Information provided
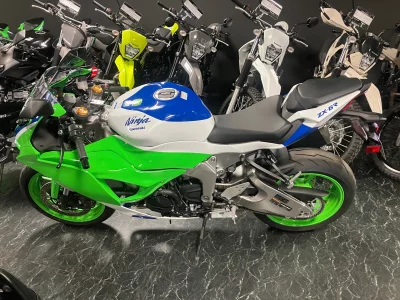 Kawasaki NINJA ZX-6R
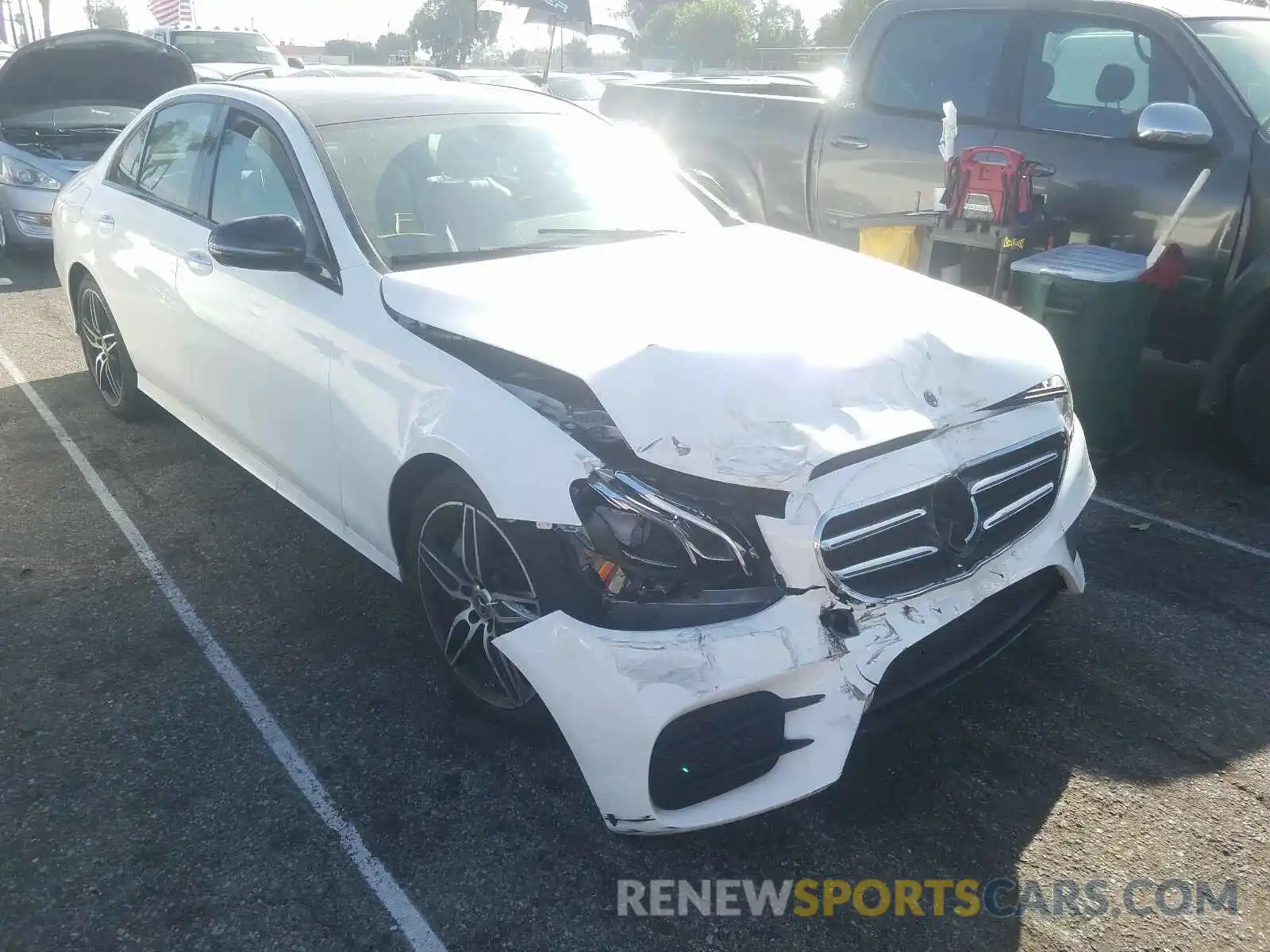 1 Photograph of a damaged car WDDZF4JB3KA618123 MERCEDES-BENZ E CLASS 2019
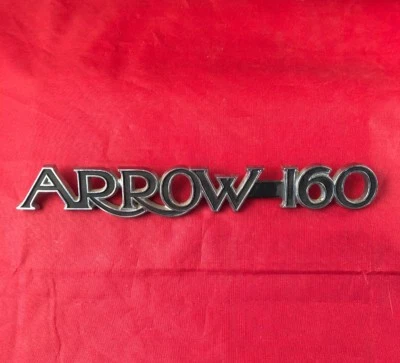  Emblema Plymouth Flecha 160 1976 1977 1978 1979 1980 Foto 1 de 4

What is required
Retyping is limited to the line with "1 Photograph of" and the lines after it in the material above; give them exactly and leave out the pictures.

Exercise response
 1 Photograph of a damaged car WDDZF4JB3KA618123 MERCEDES-BENZ E CLASS 2019
  Emblema Plymouth Flecha 160 1976 1977 1978 1979 1980 Foto 1 de 4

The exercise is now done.